I'm seeing a weird behavior with Ring frequency on 275hx CPU when the "ring down bin" (RDB from now) is enabled.
Under stock conditions
RDB adjusts ring frequency, so that the uncore voltage doesn't surpass maximum core voltage (ie. one core runs at 1.1V, so RDB limits the cache multiplier, so that Vuncore <= 1.1V).
When you UV CPU cores only
You apply 100mV core UV, so the previous 1.1V on core becomes 1.0V. However RDB still follows the old value of 1.1V, running at the same frequency as previously. In this scenario it's possible that ring hoists the total Vid up to 1.1V, greatly increasing power loss on DLVRs.
When you UV both by the same amount
You UV ring by 100 mV, both voltages drop, and thus everything is fine with VID = 1.0V.
In realistic scenario, cores can UV by 50mV and cache by 100-150 mV, meaning that ring will be running at lower voltage most of the time, but won't gain or lose any frequency.
You limit CPU frequency
This is the main problem I'm dealing with:
- P/E core frequency 4.8/4.4 GHz at 1.01V VID (50 mV UV applied)

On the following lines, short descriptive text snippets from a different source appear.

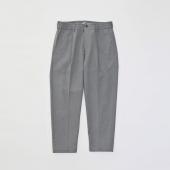 ANKLE EASY SLACKS *グレー*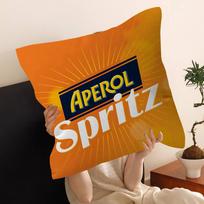 A-Aperol S-Spritz Pagalvės Užvalkalas Pagalvės Užvalkalas Svetainės Sofos Namų Dekoras Peach skin 18*18(CM)-1Pcs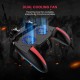 H10 Dual Cooling Fan PUBG Mobile Gamepad Controller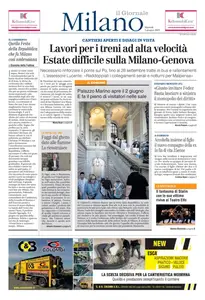il Giornale Milano - 3 Giugno 2025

- Ring UV by 150 mV, with maximum of 1.00V at 3.8 GHz
The ring frequency gets limited to 3.5 GHz at 880mV, even though all bins above that fit under 1V. RDB simply scales the frequency according to the factory VF curves, even though the voltages are completely different in reality.
Why not disable RDB
Because it will always try to boost cache to maximum of 3.8GHz, hoisting VID to 1.00V, whilst the cores run at 800-900 mV when power limited above 3.8GHz. This causes a 10-15% performance regression, unless the cores themselves also run maxed out at 1V without power limit.
So what's the point
RDB should be scaling frequency based on real-time voltage, so that effectivity is increased. The current behavior causes the ring to run at much lower frequency than it needs to, decreasing performance, and increasing DLVR power losses.
I'm ultimately hoping this reaches Intel reps, and that micro code update, that fixes this behavior, gets released.